Traces of Home
The first twenty-four hours of any of our church assignments is always a "feeling out" period; just like when you first get hired on or you join an organization for the first time. You want to make sure all your ducks are in a row and that the organization, well, feels right. With Mt. Zion, this process only took a bare few hours. Even setting aside the fact that we're also black, it just felt more comfortable at Mt. Zion more quickly. It also helped that the members, which included members of the Good Samaritan Ministries, went out of their way to make us feel welcome.
The first night at dinner told the tale. At all the other churches we've been guests of, dinnertime was definitely a friendly affair, with good food and good company. But dinner at Mt. Zion was different in that it felt more like a family reunion. It's a difficult feeling to describe; We knew this wasn't "home", and the members weren't "family" in the strictest sense, yet it felt like it. I don't know if that description (admittedly it's a weak one) makes sense to someone that's never been to a family reunion.
Typically, such affairs are quite boisterous, where young and old alike swap viewpoints and experiences. Any and all topics are broached, as long as it's done in good taste and humor. And all of it is done around large bites of some of the best homecooked food. I know this describes the same experience as people of all ethnicities take part in; it's just...different.

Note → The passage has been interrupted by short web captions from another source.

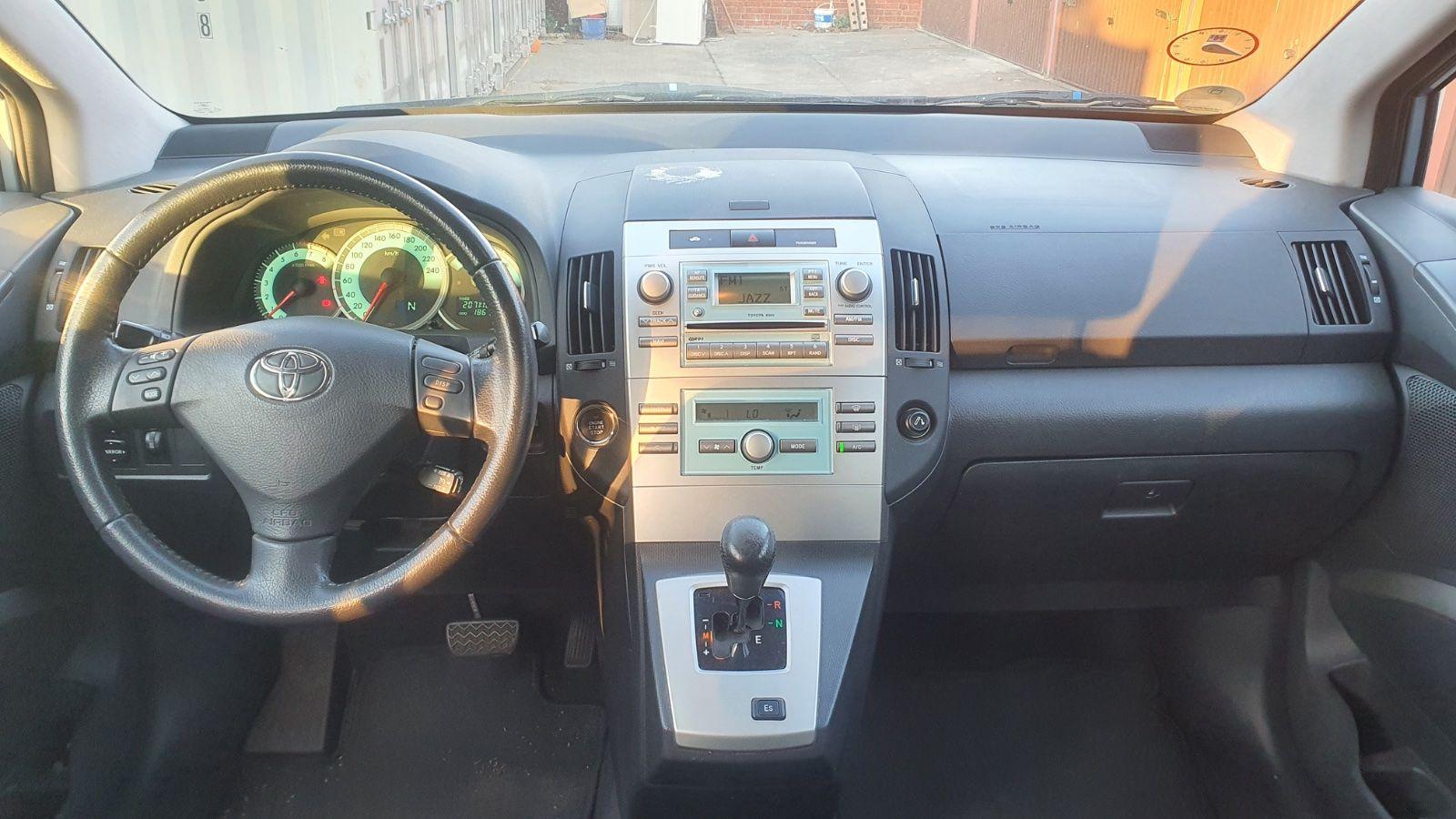 Toyota Corolla Verso 2005 — photo 7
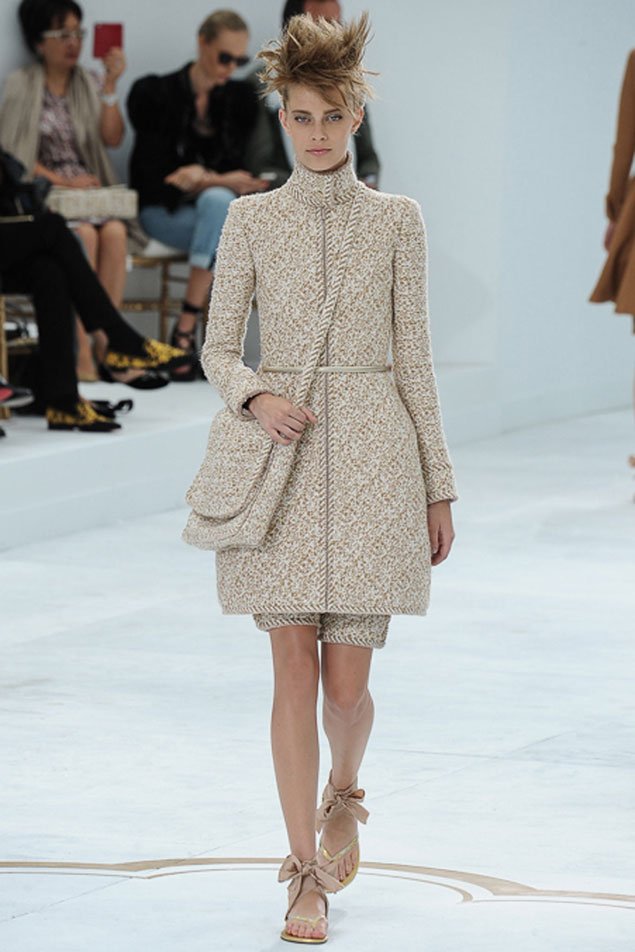 Chanel-Fall-Winter-2014-Couture-Show-featuring-New-Bags-2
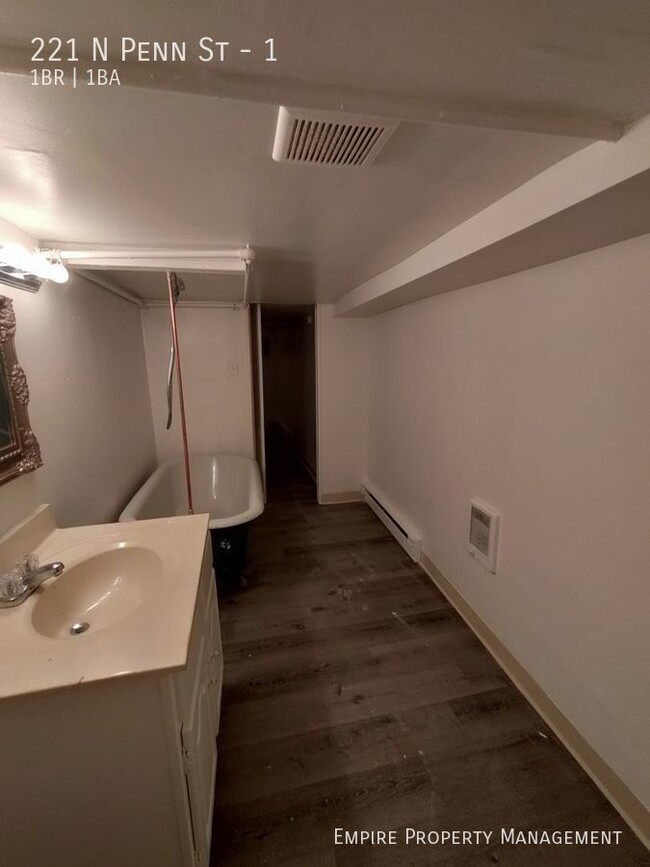 Building Photo - 1st Floor: 1 Bedroom/ 1 Bathroom Apartment...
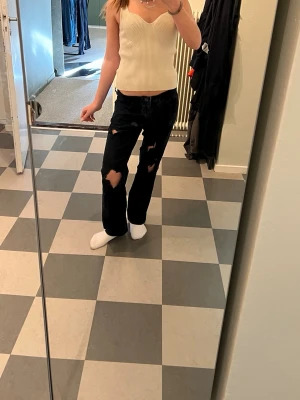 svarta denim jeans - snygga lågmidjade svarta denim ripped jeans i bra skick.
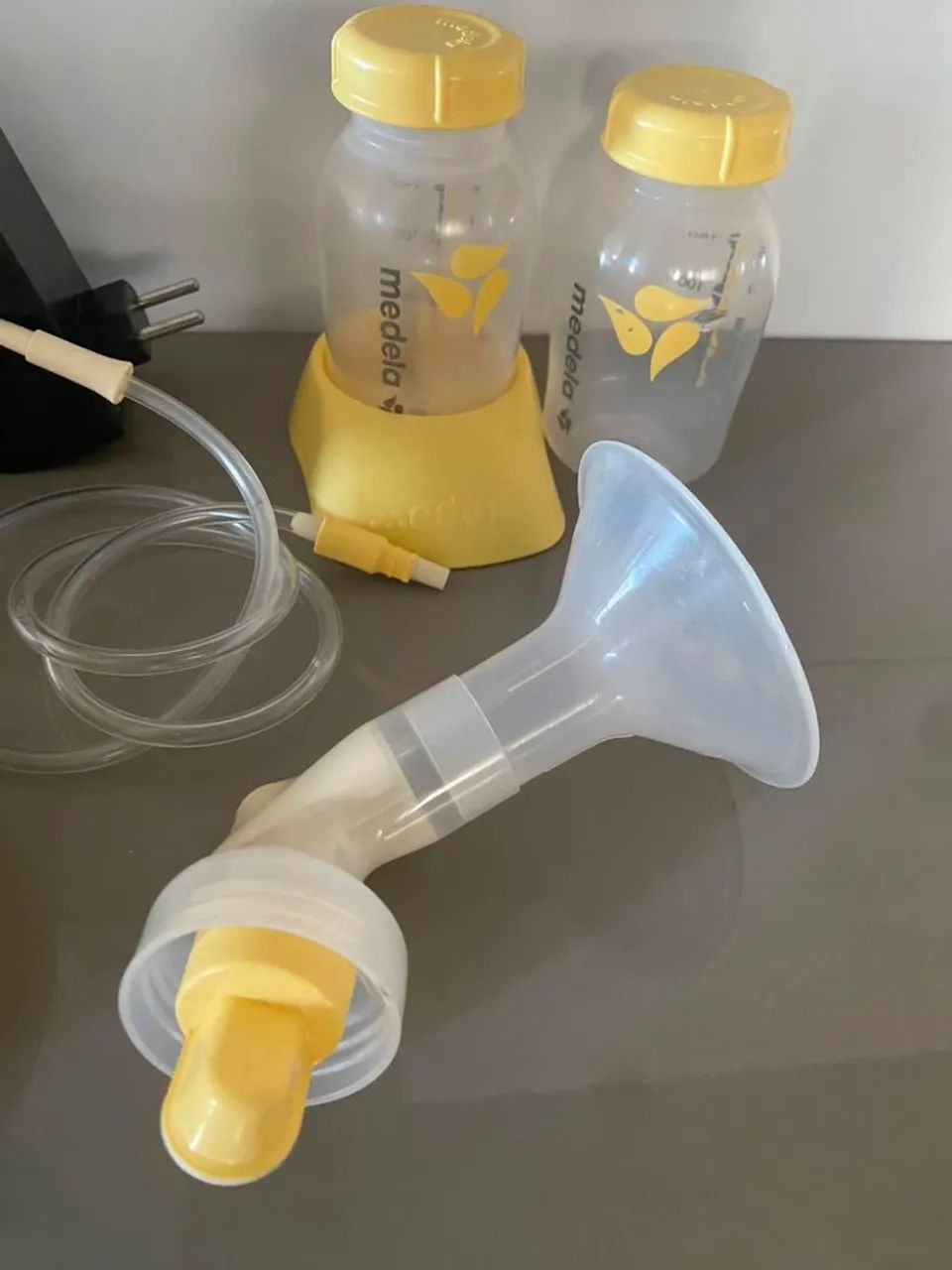 Extratora de leite desmamadeira Medela - Foto 3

Nessie had her time in the spotlight the night before last. She brought her violin home from school (as she does every weekend) and her guitar that she got last Christmas. She gave an impromptu performance that the members all seemed to enjoy. I believe she was even invited to perform at the church this morning.
The subject of the blog came up last night when we were all in the Common Room welcoming a new family into the network. Several members seemed thrilled to finally meet the "Mama" they'd read so much about. To her surprise, none of them seemed to mind that she practiced yoga, a source of anxiety for her up until last night.

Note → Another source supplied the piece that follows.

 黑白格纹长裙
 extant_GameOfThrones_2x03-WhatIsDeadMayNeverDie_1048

Mama and Nessie spoke very highly of Mt. Zion. I think the church may have gained two more members.
*I don't much care for the term "African-American". First of all, although genetically I share similarities with the denizens of the sub-saharan African continent, I've never been to Africa in my life. Nor do I have any desire to go. Second, if the anthroplogists are correct, we all share an African ancestry becuase that's where Earth's first humans appeared. Third, "African-American" seems too stilted for me. It just smacks of an artificial attempt to be overly polite. I'm black. It's okay to call me that. Actually, I've lived long enough to be many things: "colored", "Negro", "Afro-American", "urban", "African-American", and of course the loathsome "N-word". At the end of the day, they're just words.
I love church. It's just that sometimes I don't love "churches." Know what I mean? It is always wonderful to find a group, a "family" of people who are so kind and welcoming as you have been blessed to find.